Cross-reactivity between the expressed protein and a known allergen (as can be found in the protein databases) has to be considered when there is:

1) more than 35 % identity in the amino acid sequence of the expressed protein (i.e. without the leader sequence, if any), using a window of 80 amino acids and a suitable gap penalty (using Clustal-type alignment programs or equivalent alignment programs)


2) identity of 6 contiguous amino acids.

If any of the identity scores equals or exceeds 35 %, this is considered to indicate significant homology within the context of this assessment approach. The use of amino acid sequence homologies to identify prospective cross-reacting allergens in genetically modified foods has been discussed in more detail elsewhere (Gendel, 1998a; Gendel, 1998b).
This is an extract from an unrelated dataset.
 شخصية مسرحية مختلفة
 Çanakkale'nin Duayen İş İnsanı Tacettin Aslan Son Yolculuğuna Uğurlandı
The search facility on the Allermatchtm webtool automatically carries out the procedure recommended by the guidelines on protein sequences that are entered by the user in FASTA format (one-letter code without residue numbers, see example sequence below). The user has the option to select the following outputs of interest:

  1. Alignment of 80-amino acids subsequences of the input sequence using a sliding window of 80-amino acids size. The step size is 1 amino acid, such that from a sequence of 100 amino acids, for example, 21 subsequences of 80 amino acids length are made (1-80, 2-81, 3-82 ... 20-99, 21-100). Each of these subsequences is aligned to database sequences. The FASTA computer algorithm is used for these sequence alignments, as recommended (see above; default values are used). With FASTA, "head to tail" alignments (from the start to the end of a sequence) are made of each subsequence with each database sequence. The default threshold for the number of identical amino acids is 35% in the alignment with an 80-amino acids window, which is considered a significant level of identity between the input sequence and the allergenic protein's sequence (see recommendations cited above). The identity presented by the website in the results of the alignments is therefore the % identical amino acids in the 80-amino acids window. The default threshold can be changed by the user. Input sequences shorter than 80 amino acids should not be aligned using this option.
  2. Full alignment of the whole input sequence with database sequences using the FASTA algorithm. This option can be used, for example, for input sequences shorter than 80 amino acids, for which the option of the 80-amino acids sliding window (see above) cannot be used. Also in case where an input sequence shows sufficient identity with many proteins over its entire sequence, this option may provide for a good oversight of the alignments between the input- and database- sequences.
  3. Exact hits of short identical stretches of, for example, 6 amino acids. To this end, a wordmatch algorithm is used, which searches for identical matches of a specified number of contiguous amino acids ("wordlength") between the input sequence and a given database sequence. The default value for the wordlength, which can be changed by the user, is 6 amino acids. Decreasing the wordlength likely results in a larger number of positive scores, while increasing it may yield less positive results.

The entered sequences will be compared to the sequences of allergenic proteins compiled in the database. These sequences of allergenic proteins have been extracted from protein databases. Putative signal-, pro-, and transit-peptides, whose positions are indicated by the protein source database accession as "features", have been removed from these sequences, which yields the sequences of "mature" proteins.

Positive results of the analysis will be provided to the user.